The boxes will soon be on their way to orphanages in Bosnia, Serbia and Belarus. There they will be opened by children whose lives have been affected by conflict and poverty, and who know little of the pleasures we associate with childhood.

The number of boxes received was especially encouraging, in view of the economic difficulties affecting many local families. The generosity displayed by people who are themselves going through hard times was impressive. Our grateful thanks to all.

DAVID HEYWOOD

Co-ordinator, Berwick Shoebox

Appeal

Magdalene Fields GC charity aid boost

WE would like to thank Kevin Atkinson, the captain of Magdalene Fields Golf Club, for very kindly choosing our charity as one of the beneficiaries of his Charity Golf Day.

The sum of £666 we received is a fantastic donation and we really appreciate the continued generosity of Magdalene Fields Golf Club, who have been incredibly supportive of our charity ever since we started in 2009.

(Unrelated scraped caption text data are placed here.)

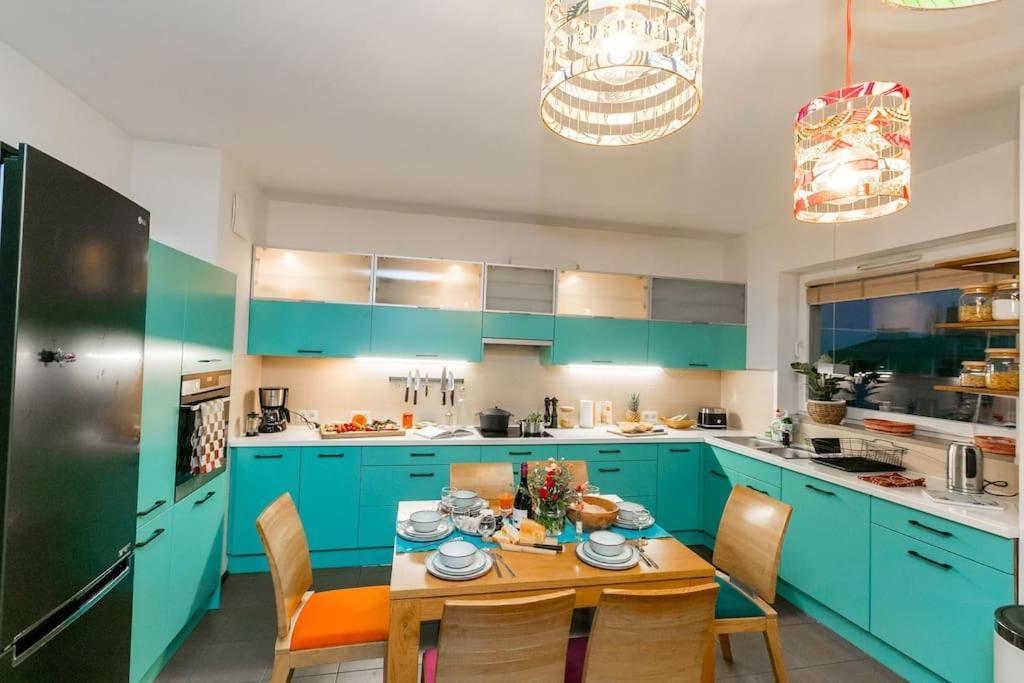 Stunning Apartment. Garage. Security. Mokotow Area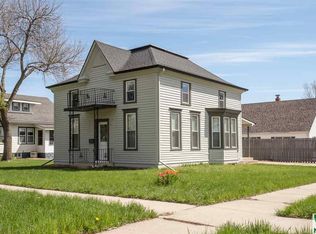 403 Albany Ave NE, Orange City, IA 51041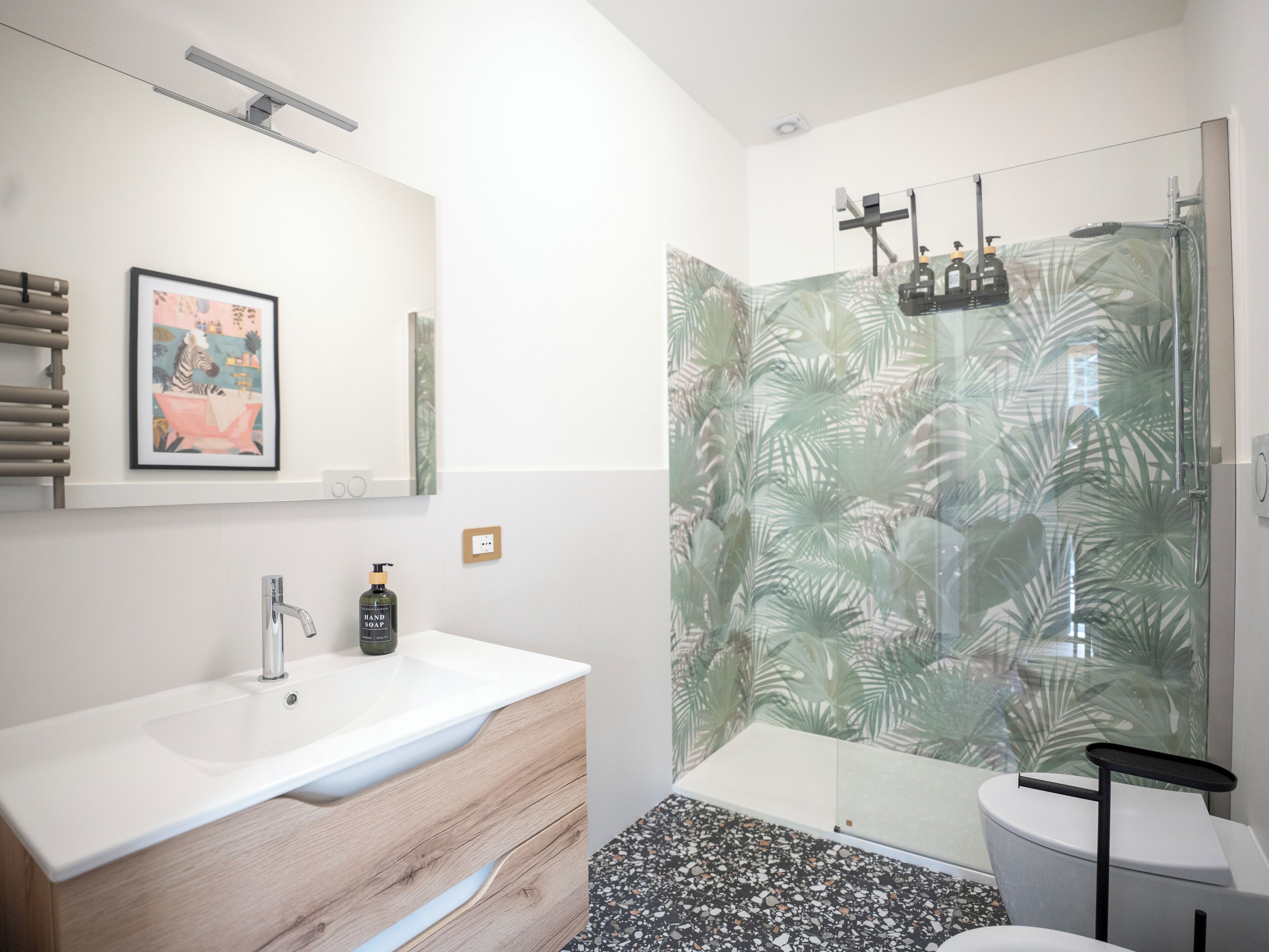 Umweltfreundliche Kosmetikartikel, Haartrockner, Handtücher, Seife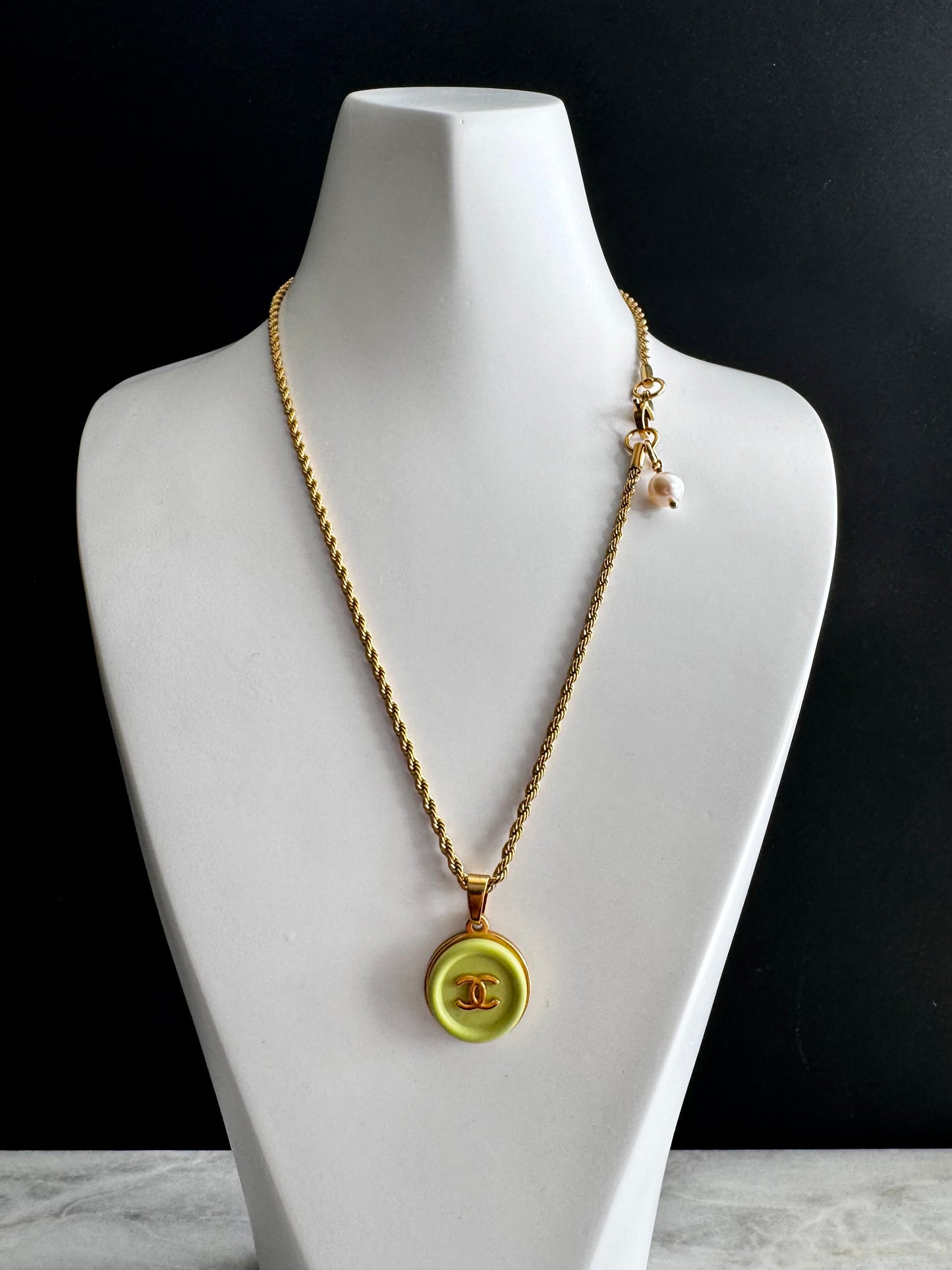 💚 EXTREMELY RARE reworked button necklace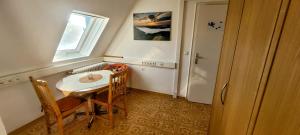 mały stół i krzesła w pokoju z oknem w obiekcie Doppelzimmer, Sun & Moon w mieście Schwäbisch Hall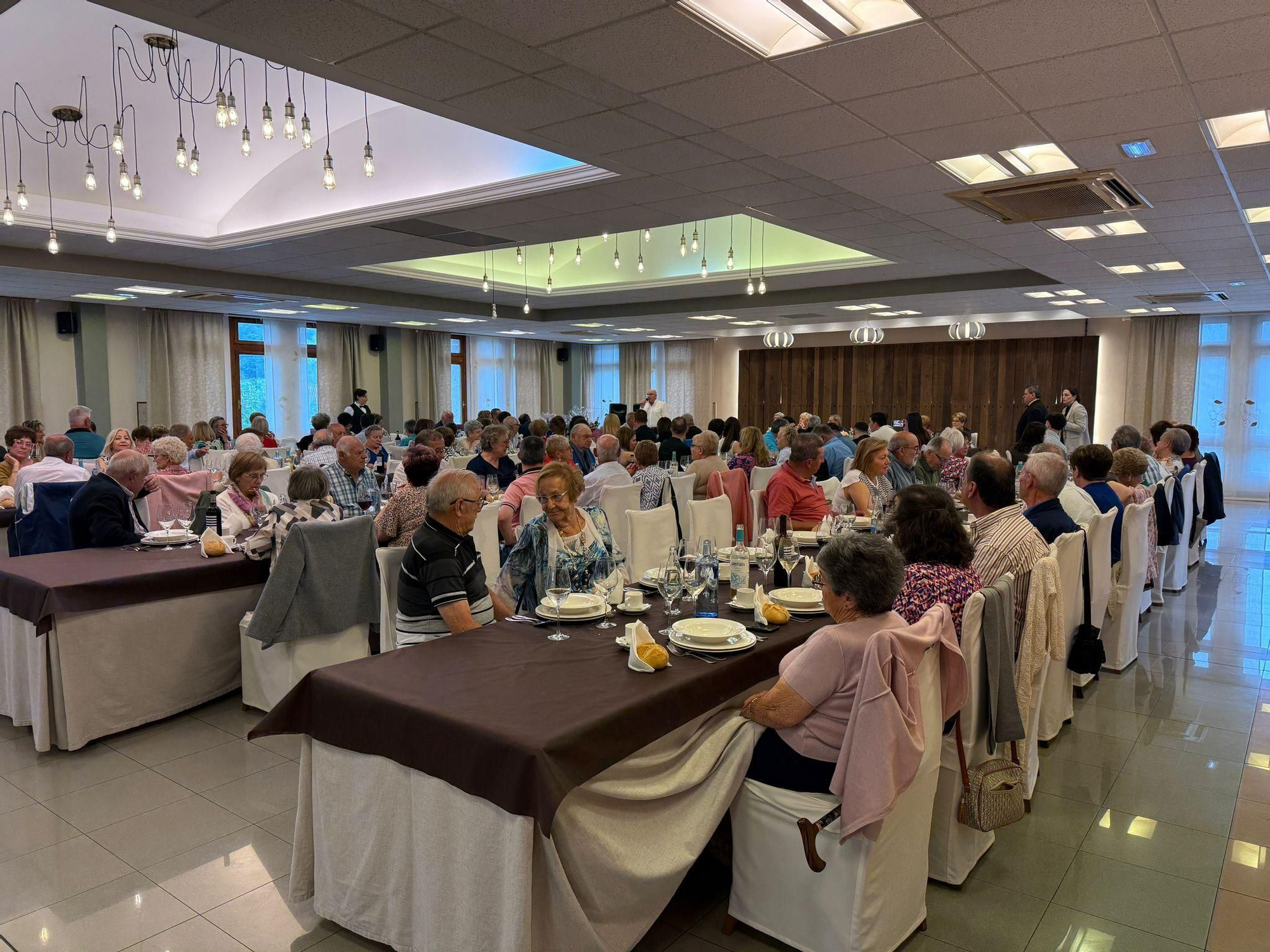 Así fue la comida de la Asociación de Jubilados, Prejubilados y Pensionistas de Valdesoto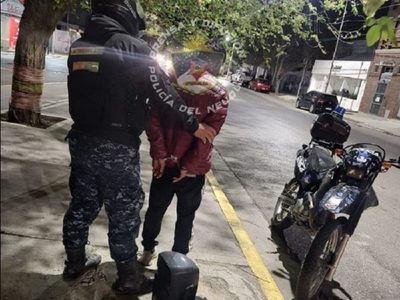 Dos personas demoradas por la policía en diferentes operativos en Neuquén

The money raised will be used by Leukaemia and Lymphoma Research to help find cures and better treatment for people suffering from all types blood cancer. We have been overwhelmed by the support our charity has received in the last year and are very grateful.

HELEN TAIT & MARION BLACK

North Northumberland

Fundraising Group

Leukaemia and Lymphoma

Research

Riding for the Disabled lunch raises £1300

ETAL Group Riding for the Disabled recently held a lunch at South Hazelrigg Racing Yard, owned by Tony and Rose Dobbin. This was very successful and raised £1300 for the group.

We would like to thank Tony and Rose very much for their time and kind hospitality. Also our sincere appreciation to all those who came and supported us or helped in anyway, and to Buds Flowers of Tweedmouth who kindly gave us a beautiful bunch of flowers.

SUE WADE

Howtel Farm House, Mindrum

‘Calendar Girls’ full of warmth and humour

MYSELF and my friend June spent a lovely afternoon at the Maltings’ ‘Calendar Girls’ on November 17. The cast was excellent. It was very humorous and a lovely warm story.

We enjoyed it very much as I’m sure the rest of the audience did. Thank you Maltings and cast for a lovely show.

CATHERINE NARRY

Tweedmouth

Good Samaritan found and returned lost car keys

COULD I through your newspaper thank the person who found my car keys in Quay Walls car park on Saturday, November 17.

I didn’t see them on the front windscreen until my son had driven 190 miles with a spare set later in the evening but I’d like to thank the person for their honesty.

KEVIN GATELEY

Rotherham

Autumn fair efforts are much appreciated

THANK you to everyone who came along to our autumn fair on Saturday, November 17. We raised the fantastic amount of £1073.47.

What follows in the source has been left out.